The Avatar of the Skanda:
The story related to Skanda Sashti is about a war that Kartikeya is revered for. As per mythology, Brahma suggested that only Shiva can produce the slayer of Tarakasura, the demon who wreaked havoc in the celestial and human world. However, Shiva was in the state of Samadhi and no one could afford to invoke his rage. But Paravati and Kamadev agreed to help through strict penance and striking the arrow of love respectively. Kamadeva was burnt into ashes by the fire of rage emitted from third eye of Shiva. However his sacrifice and Parvati’s devotion paid off and the fiery seeds emanated from the Shiva. The seeds got transferred from mouth of Agni and Ganges into the Sara Vana, which was a forest of grasses resembling arrows.
The seeds took the form of six babies raised by six stars of Karthikai or the divine constellation.

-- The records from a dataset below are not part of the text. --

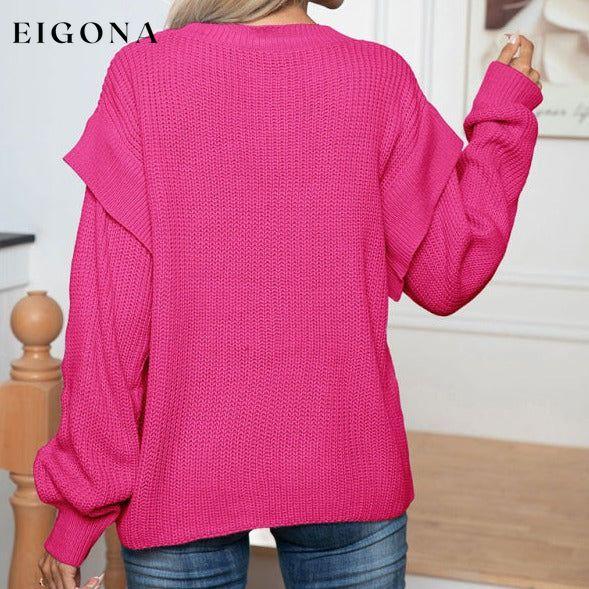 Women's New Style Drop Shoulder Long Sleeve Loose Knitted Sweater clothes Sweater sweaters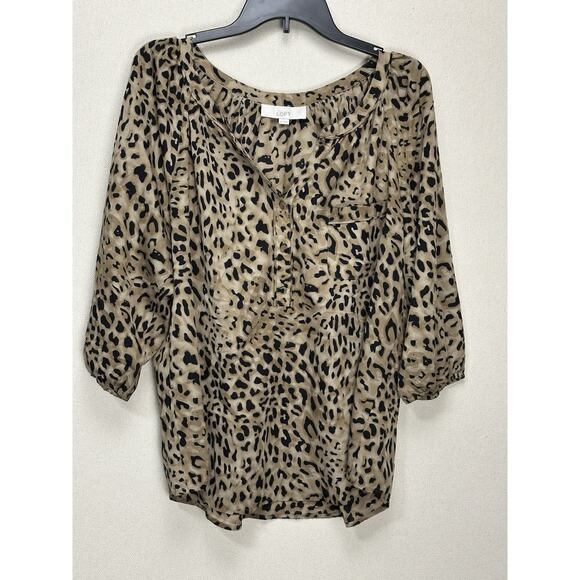 Loft Womens Animal Print Blouse V-Neck Size XL Blouse Tunic Top - Picture 10 of 11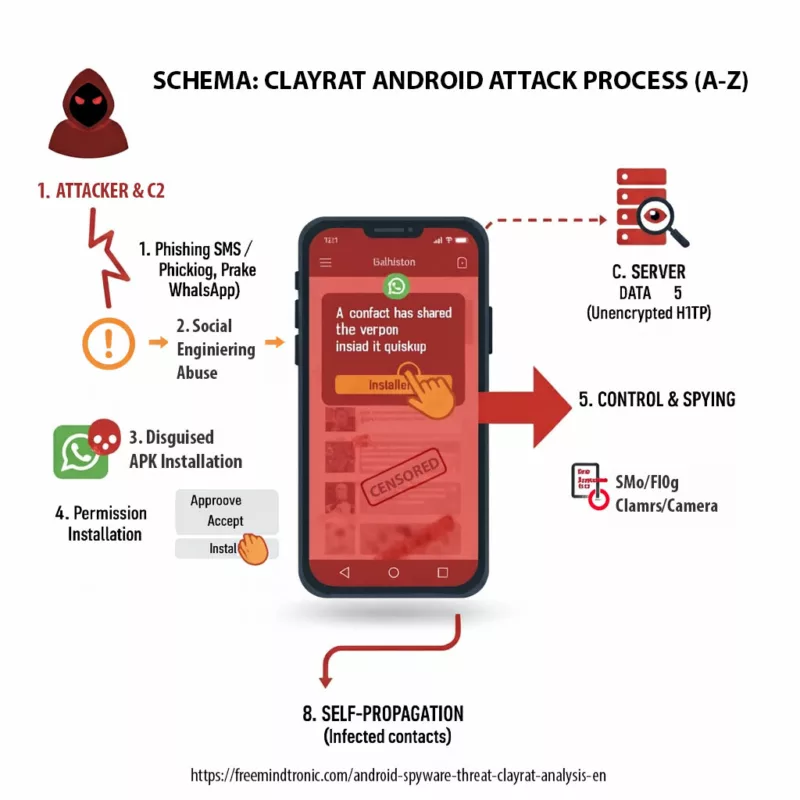 Complete diagram illustrating the ClayRat Android spyware attack process, from social engineering to data exfiltration to the C2 server.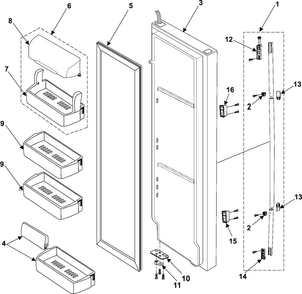 Refrigerator Door Diagram and Parts List for RS253BASB XAA Samsung Refrigerator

Parvati later combined the six babies into Shanmukha or one having six faces. Murugan assumed the role of General of the Army against Tarakasura, Simhamukha, Surapadma and defeated them in a battle which lasted for six days. The annihilation of the demons with Shakti Velam (divine Vela gifted by Parvati) called Soorasamharam and it as on the Tithi of Aippasi Skanda Sashti.

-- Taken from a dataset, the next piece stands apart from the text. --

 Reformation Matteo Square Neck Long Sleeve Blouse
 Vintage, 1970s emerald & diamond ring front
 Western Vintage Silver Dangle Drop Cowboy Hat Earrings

The Vidhi of Skanda Sashti Puja:
The day when Panchami conjugates with Sashti Tithi is considered the more auspicious for Vrat. The fast is observed strictly or by consuming vegetarian meal once during the day. Listening to the stories of Skanda Purana, visiting temples or praying at home reciting the Kanda Sashti Kavasam are other practises of the devotees on this day. The fast is not done only to abstain from food but to cleanse the anomalies in inner self.
The Puja is done by beginning with a prayer to Lord Ganesha and then chanting Om vali devasena samedha Shri Subrahmanya Swaamine namaha dhyaayaamii while meditating. The prayer may be offered to a Vel or a picture of the Subramanya along with Samagri like turmeric paste, sandal paste, flowers, Kumkum and lighting a lamp, Agarbatthi and with camphor. Worshippers may buy online Diya for Puja and also the Puja Kits or Puja Samagri from online Puja stores.
The Various Names and Regions of Worship:
Kartikeya is the name of the son of Shiva and the name is prevalent in the Hindu belts of India. In Tamil Nadu, He is known by the Murugan and also known as Tamil Kadavu or the ‘God of the Tamils’. In fact, there is a sect in Hinduism called Kaumaran dedicated to the deity. The devotees of the Murugan have exist in all other areas of Tamil influences like Puducherry, Sri Lanka, Indonesia, Singapore, Mauritius, etc. He is also prayed in Kerala, Karnataka and other regions of South India. Subramanya, Guha, Shanmukha, Velayudhan, Kumaresa, Dandapani, Swaminatha are the other names of the deity believed to be a divine form with six-faces and carrying a lance in hand.
The most important six shrines known as Arupadaiveedu are located in various regions of Tamil Nadu. Apart from these, Kerala, Karnataka, Delhi, Haryana, even Sri Lanka and Malaysia have shrines dedicated to Him. There is a tradition of carrying a Kavadi or having rice, milk, etc. in Puja Patra or going through physical piercings as offerings to Lord Muruga by Tamils on the day in reverence to the God.